Waste: Miliband supports direct charges

 
The Local Government Association’s campaign for councils to be empowered to charge householders directly for waste gained a boost last week.
Environment secretary David Miliband told the LGA conference in Bournemouth that he was ‘personally interested’ in its idea that waste collection authorities could reduce waste volumes and increase recycling participation by charging for the amount of waste residents produced.
Miliband claimed that ‘the failure to recycle is essentially an example of anti-social behaviour – imposing costs on the rest of society by your own behaviour’. He said a variable charge could be part of a required ‘new framework of citizenship rights and responsibilities, in respect of the environment’.
He asked the LGA and local authorities for more detail about the pros and cons of household waste charging, and pledged to ‘take account of this, alongside Sir Michael Lyons’ findings, to determine whether there could be benefits for England’. Lyons will back the idea in his final report, he revealed last month (Surveyor, 15 June).
The LGA stance is that without stronger incentives for participation in kerbside schemes, recycling rates will not rise fast enough to meet the European Union landfill Directive targets.

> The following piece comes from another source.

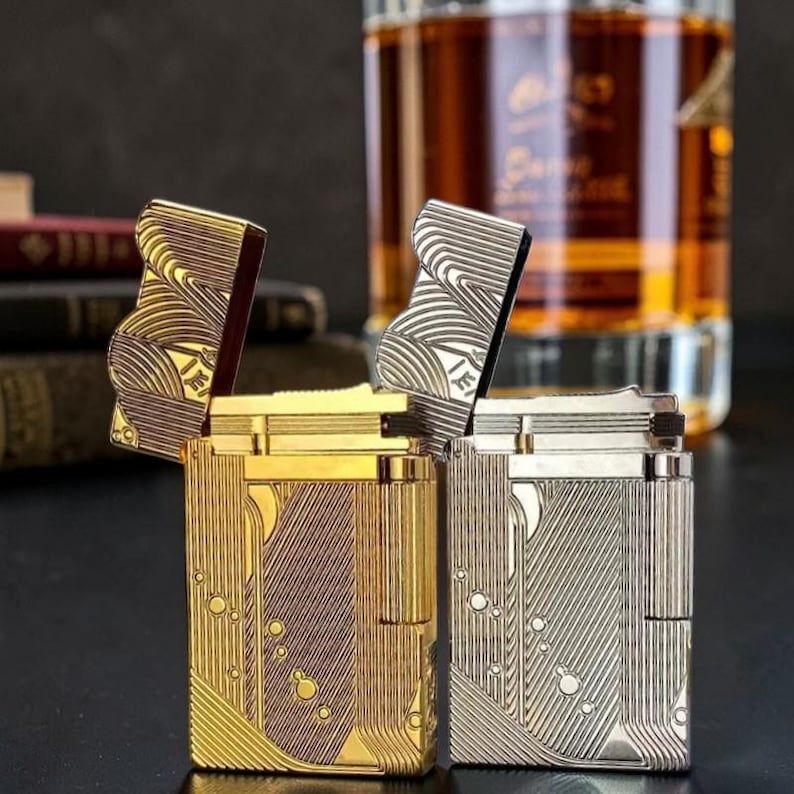 Puede incluir: Dos encendedores met&aacute;licos, uno dorado y otro plateado, con intrincados dise&ntilde;os grabados. Los encendedores est&aacute;n abiertos, revelando sus mecanismos internos. El encendedor dorado tiene un patr&oacute;n vertical, mientras que el plateado tiene un dise&ntilde;o ondulado. Un vaso de l&iacute;quido &aacute;mbar est&aacute; en el fondo.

It has highlighted how the £150-per-tonne fines councils face would be passed on to local taxpayers.
Chairman of the LGA, Sandy Bruce-Lockhart, told delegates: ‘For decades, people have been used to being able to throw their rubbish away without worrying about the consequences.

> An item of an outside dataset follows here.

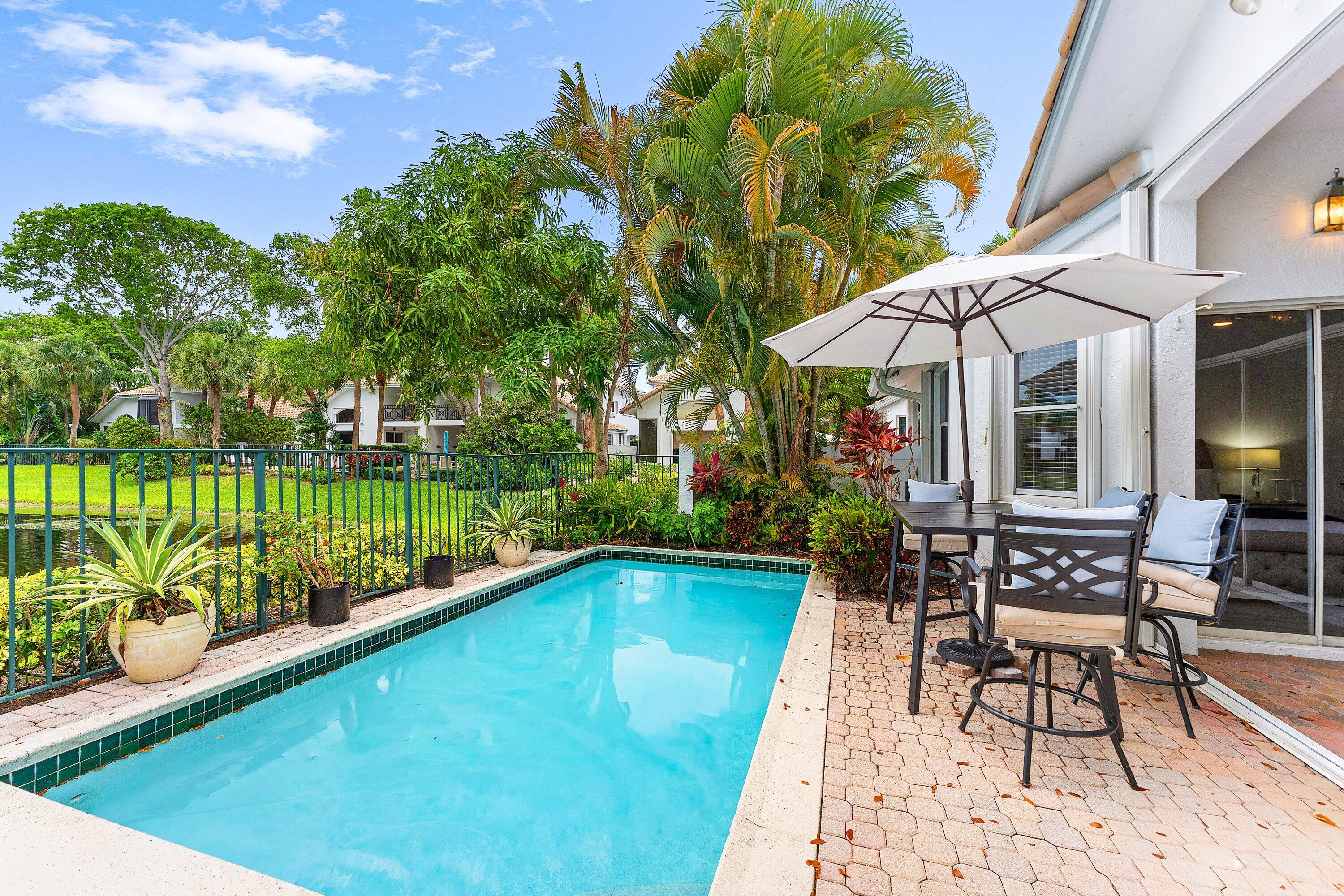 2221 Northwest 62nd Drive Boca Raton, FL 33496 - Photo 4 of 62 a view of a patio with a table and chairs under an umbrella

‘Those days are now over, local authorities must be given discretionary powers to help encourage people to take more responsibility for the way they throw their rubbish away.’ But Miliband’s intervention was criticised by the Association for Public Service Excellence chief executive, Paul O’Brien, as ‘making policy on the hoof’. He said: ‘We need to think of how charging strategies can be fairly dealt with for some of the most excluded, and for larger families.’